Un parallèle peut être fait avec le vice du consentement sur l’erreur ou le dol. C’est-à-dire que la pratique doit induire le consommateur à prendre une décision qu’il n’aurait pas pris autrement.
Toutefois, cette altération s’apprécie au regard d’un consommateur moyen sans avoir égard aux qualités propres du consommateur Cass. 1re civ., 22 janv. 2014, no 12-20.982).
La directive 2005/29/CE apporte quelques précisions concernant la notion de consommateur moyen (considérant 18) : « (…) la présente directive prend comme critère d’évaluation le consommateur moyen qui est normalement informé et raisonnablement attentif et avisé, compte tenu des facteurs sociaux, culturels et linguistiques, (…).
L’effet sur le consommateur moyen s’interprète de manière identique pour les trois cas de déloyauté, qu’elle soit générale, trompeuse ou agressive.
Il est à préciser que la notion de consommateur moyen s’appréciera différemment à l’égard des catégories de personnes vulnérables.
Dans ce cas, le caractère déloyal d’une pratique commerciale visant une catégorie particulière de consommateurs vulnérables en raison d’une infirmité mentale ou physique, de leur âge ou de leur crédulité s’apprécie au regard de la capacité moyenne de discernement de la catégorie ou du groupe. (art.
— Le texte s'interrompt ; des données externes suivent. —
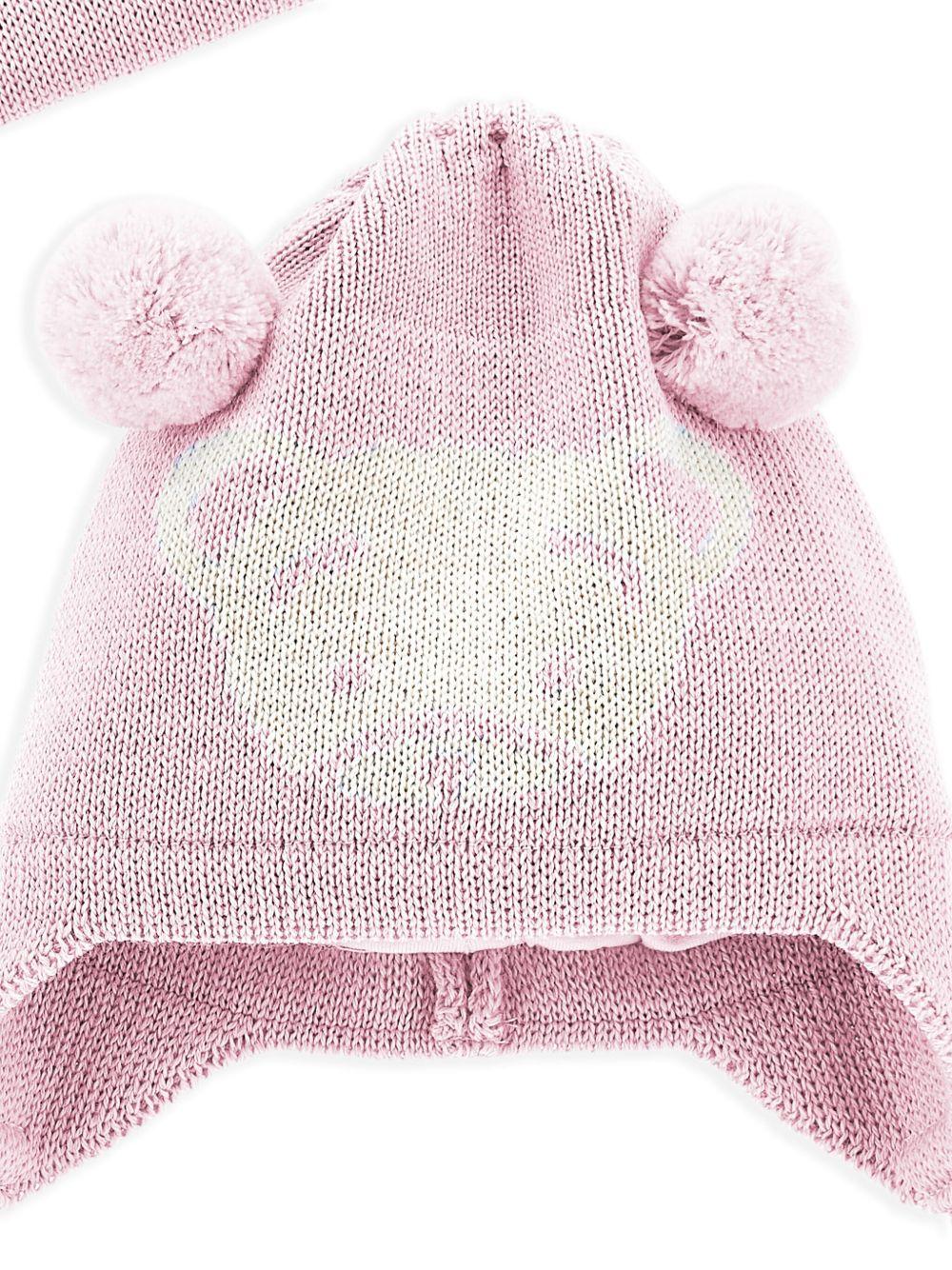 Set berretto e sciarpa per neonata Monnalisa rosa con pompon - Rubino Kids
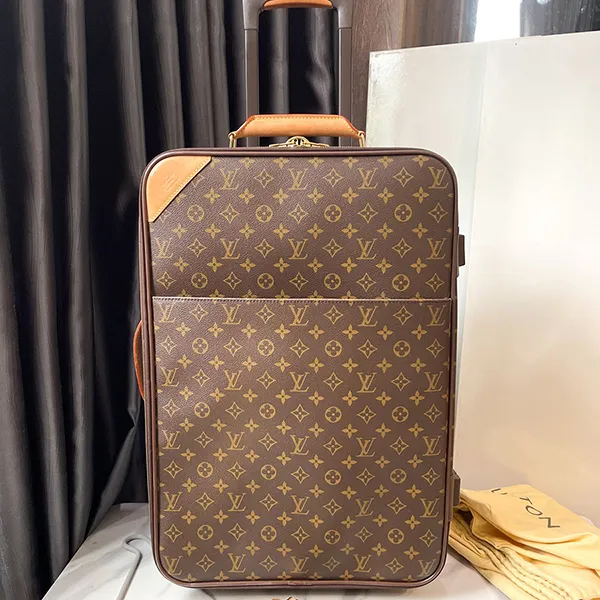 Vali Louis Vuitton LV Monogram Suitcase Pegase 55 Travel Bag M23294 Brown Màu Nâu Đen
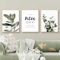 Qeuufieu 3-teiliges Moderne Poster Set, Boho Aesthetic Grün Pflanze Wanddeko Bilder Wohnzimmer Deko Schlafzimmer, Premium Leinwand Bild Wandkunst, ohne Rahmen (40x50cm)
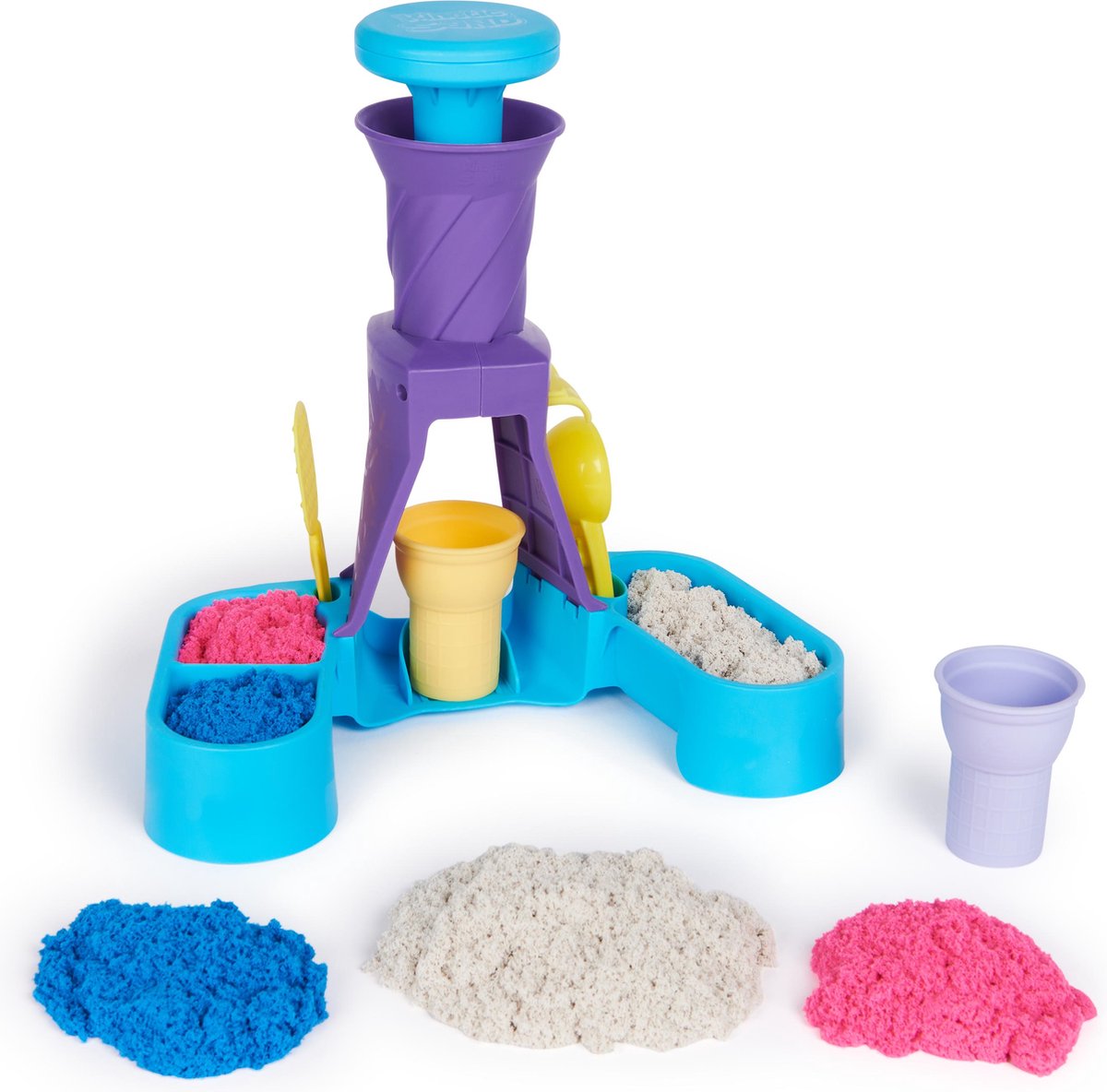 Kinetic Sand IJsset met 396g Blauw, Roze en Wit Zand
L. 121-1 al.3 C. conso).
Régime de la pratique commerciale déloyale
Le code de la consommation énumère une liste de pratiques réputées comme déloyales. Il s’agit des pratiques commerciales trompeuses (art. L.121-4 et L.121-15 C. conso) et des pratiques commerciales agressives (art. L.121-7 C. conso).
Dans ce cas, le seul fait d’effectuer une pratique interdite énumérées par ces articles suffit à caractériser la déloyauté et à en sanctionner l’auteur. La pratique est présumée déloyale de manière irréfragable, sans que le professionnel puisse apporter la preuve de sa loyauté (Cass. crim, 28 janv. 2020, n°19-80.496).
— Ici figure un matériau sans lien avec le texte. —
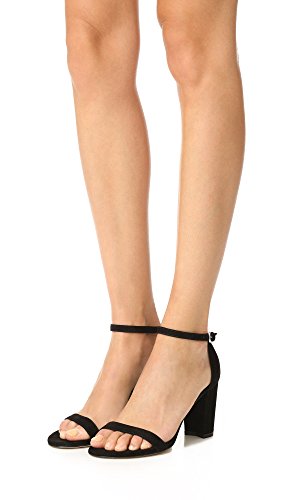 Stuart Weitzman Women's Nearlynu Heeled Sandal, Black Patent, 9 Medium Us #TOP1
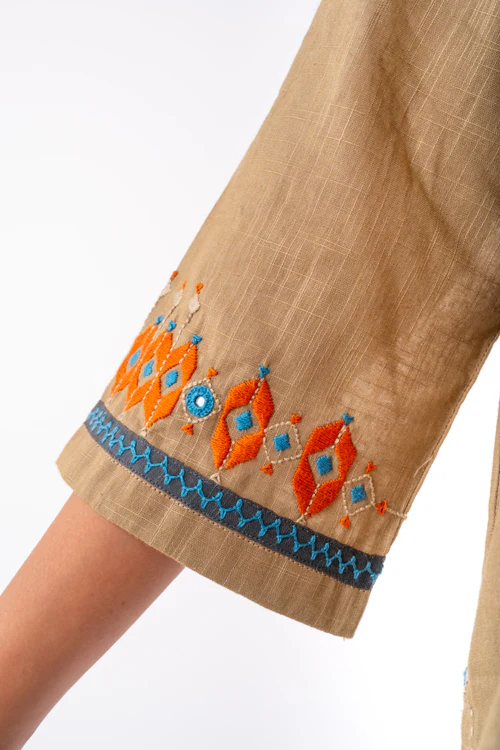 Rangsutra Naman Beige Soof Hand Embroidered Top - Image 9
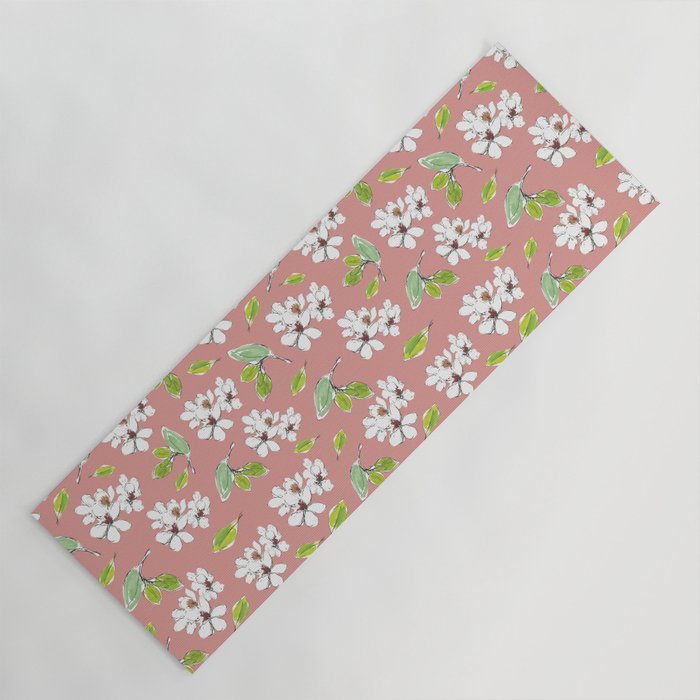 Delicate White Flowers Pattern - Vintage Rose Background Yoga Mat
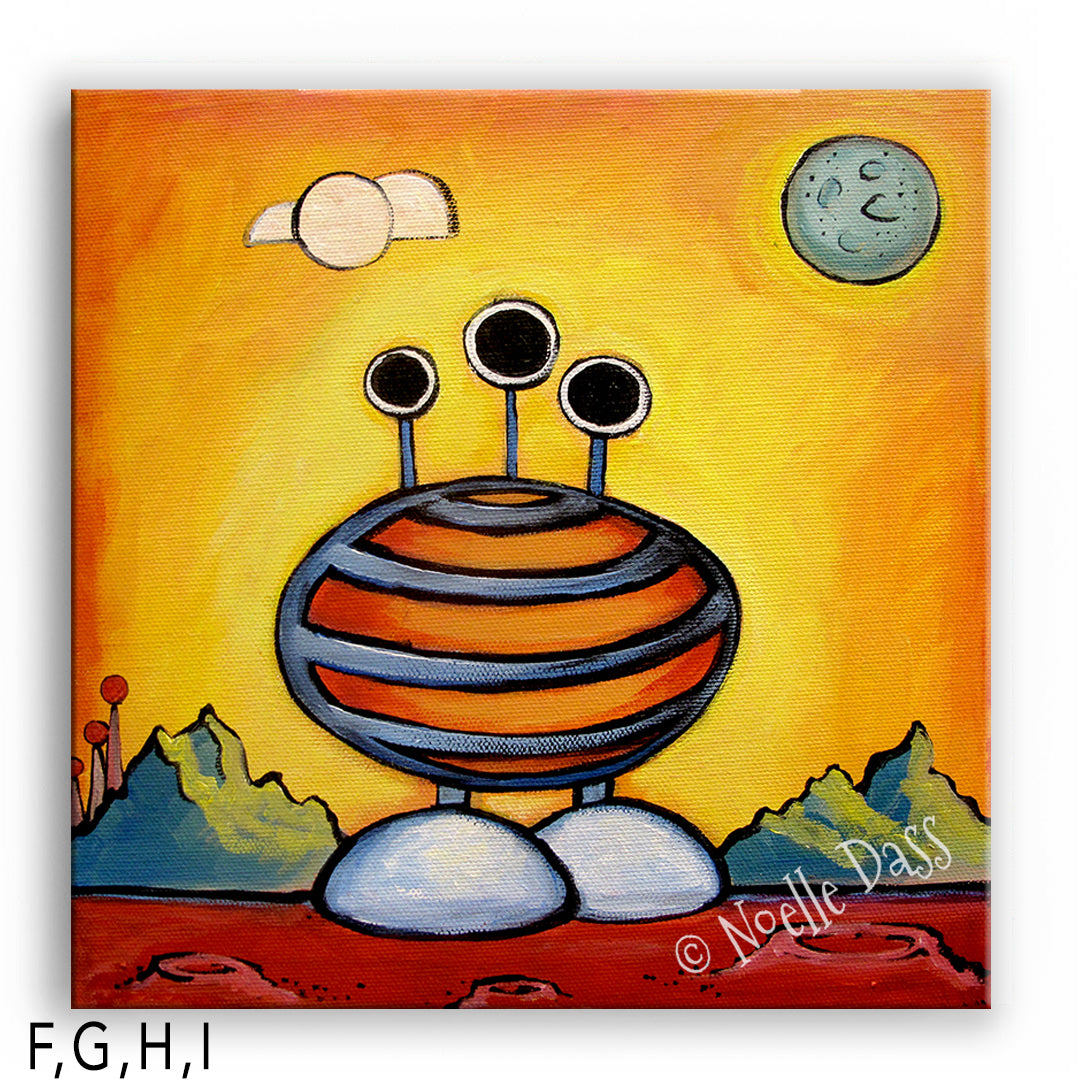 Alien in Striped Pajamas I. Canvas 30x30 in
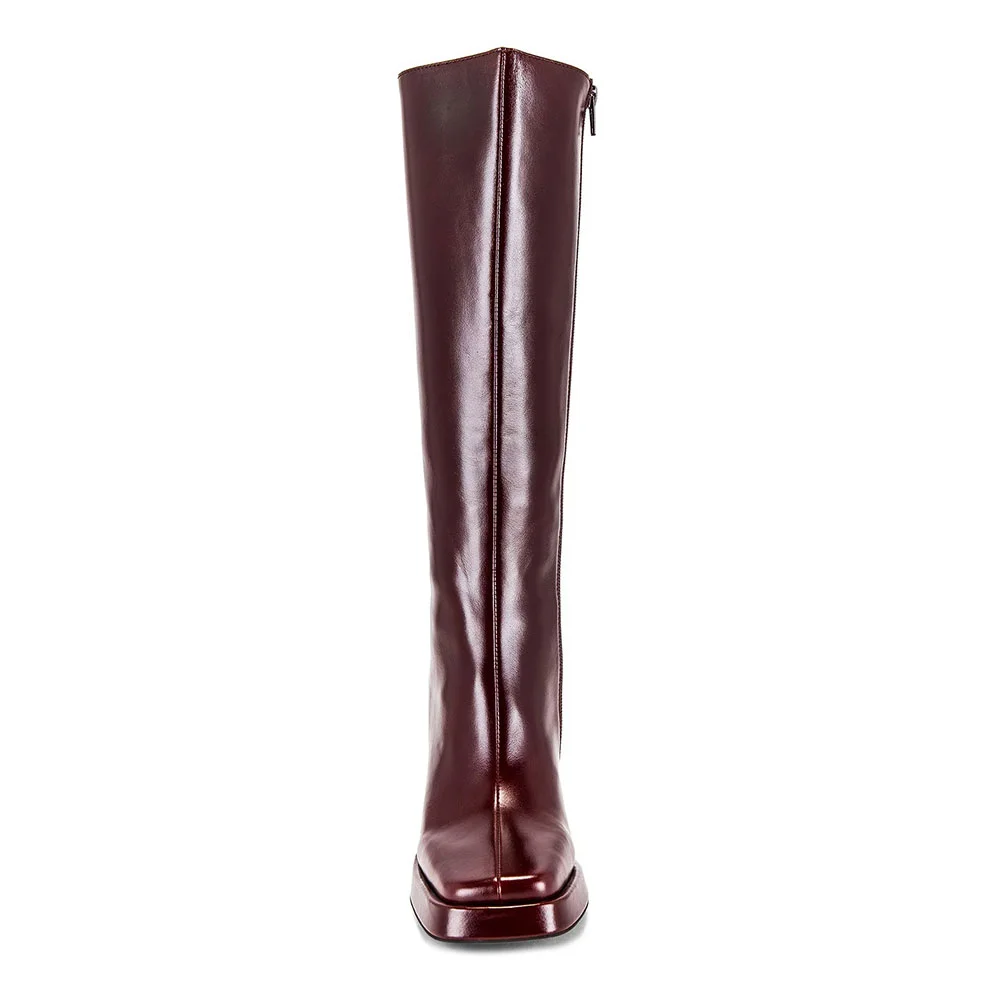 Brown Square Toe Chunky Heel Platform Side Zipper Knee High Boots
Il s’agit de pouvoir sanctionner automatiquement l’auteur d’un pratique au titre des pratiques strictement énumérés (trompeuses ou agressives). A défaut, il faudra remplir les critères généraux ou spécifiques prévues par ces pratiques.
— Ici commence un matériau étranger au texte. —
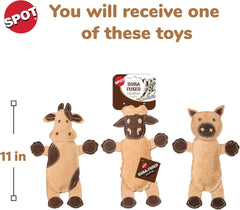 SPOT Dura-Fused Leather Barnyard Animals - Stuffed Dog Toy with Squeaker, Real Leather & Jute Fabric, for Light to Moderate Chewers, Great for Adult Dogs and Puppies - 11in, Assorted Styles, 1 Piece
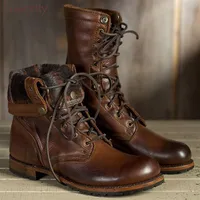 Bota Masculina Loecktty Sonbahar Kış Erkekler Boots Vintage Style Erkek Ayakkabı Günlük Moda Yüksek Kesim Dantel Up Sıcak Hombre Plus Boyut 482767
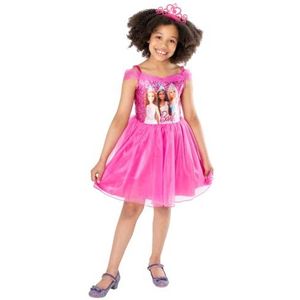 RUBIE'S - Officieel Barbie - klassiek Barbie prinsessenkostuum voor kinderen - maat 5 - 6 jaar - roze tutu jurk met Barbie print top - kostuum voor Halloween, carnaval, Kerstmis
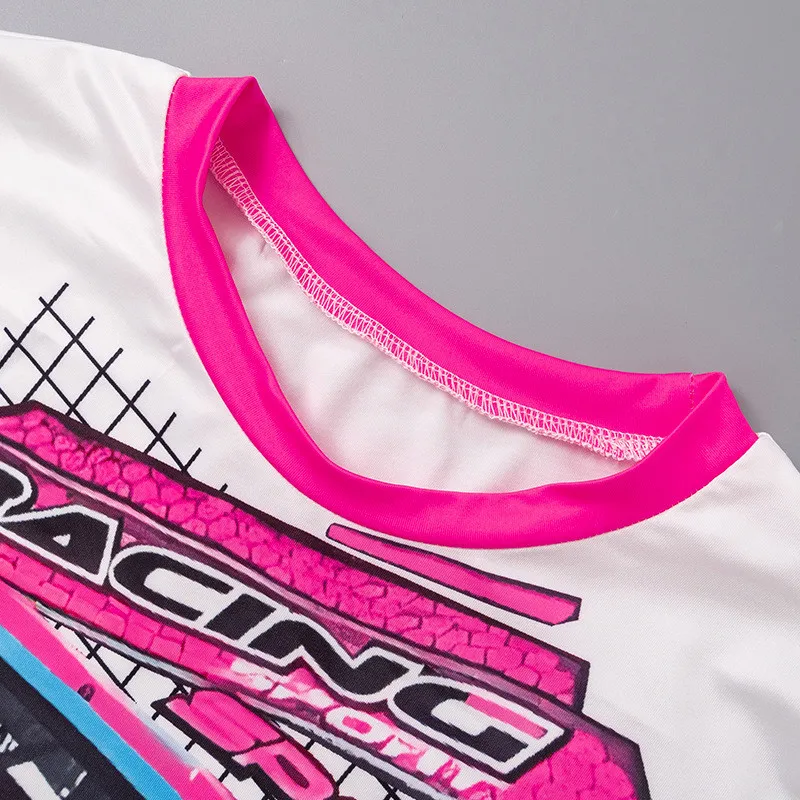 Women Summer Color Contrast Print T-shirt Top - Image 16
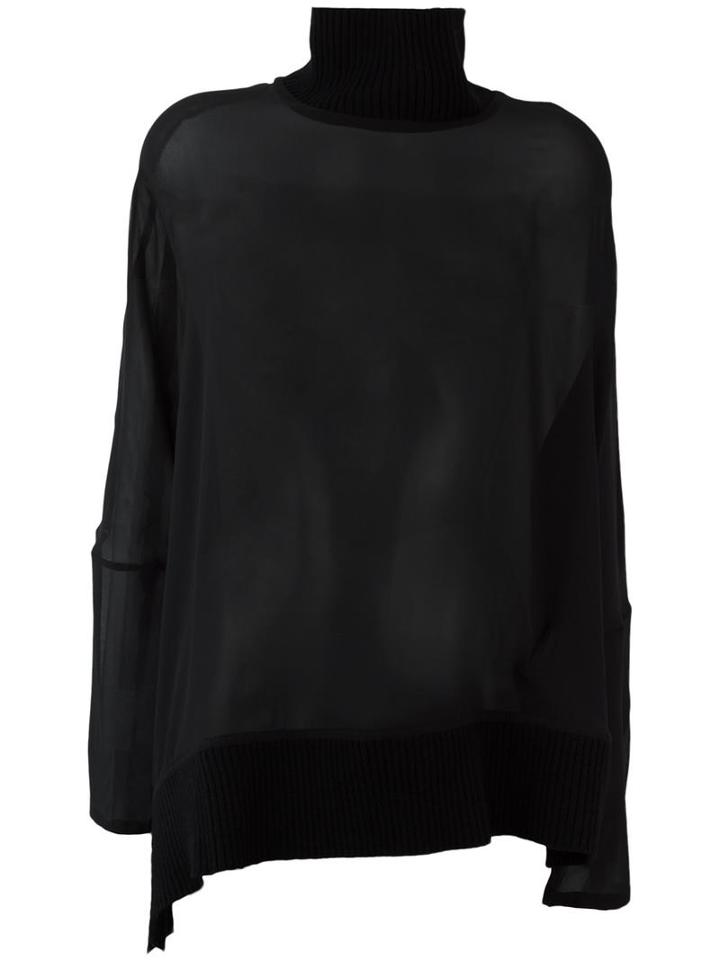 Ann Demeulemeester Funnel Neck Blouse, Women's, Size: 36, Black, Silk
En effet, si la pratique n’est pas énumérée par ces articles, deux possibilités :
Soit, la victime démontre le caractère « trompeur » ou « agressif » de la pratique conformément aux critères prévus respectivement aux articles L.121-2 et L.121-6 du code de la consommation.
Soit, à défaut de remplir les critères « spécifique » de la pratique trompeuse ou agressive, la victime devra démontrer le caractère déloyal de la pratique conformément aux critères « généraux » posés par l’article L. 121- du code de la consommation.
Concernant les sanctions, aucun texte ne prévoit expressément de peine en cas de pratique commerciale déloyale « générale » prévue par l’article L. 121-1 C. conso. Il faudra donc engager une action de droit commun au titre de la responsabilité civile.
A contrario, les pratiques commerciales déloyales spécifiques « trompeuse et agressives » font l’objet de texte spéciaux. Dans ce cas, les sanctions pourront être administratives ou pénales.
- En cas de contrôle de la DGCCRF, la pratique déloyale pourra être sanctionnée de manière administrative par une amende de 3 000 euros ou 15 000 pour une personne morale. Ces amendes ne pourront être infligées qu’en cas de pratique commercial trompeuse ou agressives (L.531-1 2° C. conso).
- De même ces pratiques pourront également être sanctionnés au titre du délit de tromperie dont les auteurs encourent une peine d’emprisonnement de deux ans et 300 000 euros et éventuellement à 10 % du chiffre d’affaires (art. L.132-11 et L.132-12 C. conso).
Enfin, les contrats conclus dans le cadre d’une pratique commerciale agressives encourent la nullité. En effet, « le contrat conclu à la suite d’une pratique commerciale agressive mentionnée aux articles L. 121-6 et L. 121-7 est nul et de nul effet » (art. L. 132-10 C. conso). Il en sera de même du contrat conclu dans le cadre de la pratique illicite de l’article L.121-12 du code de la consommation (art. L. 132-16 C. conso).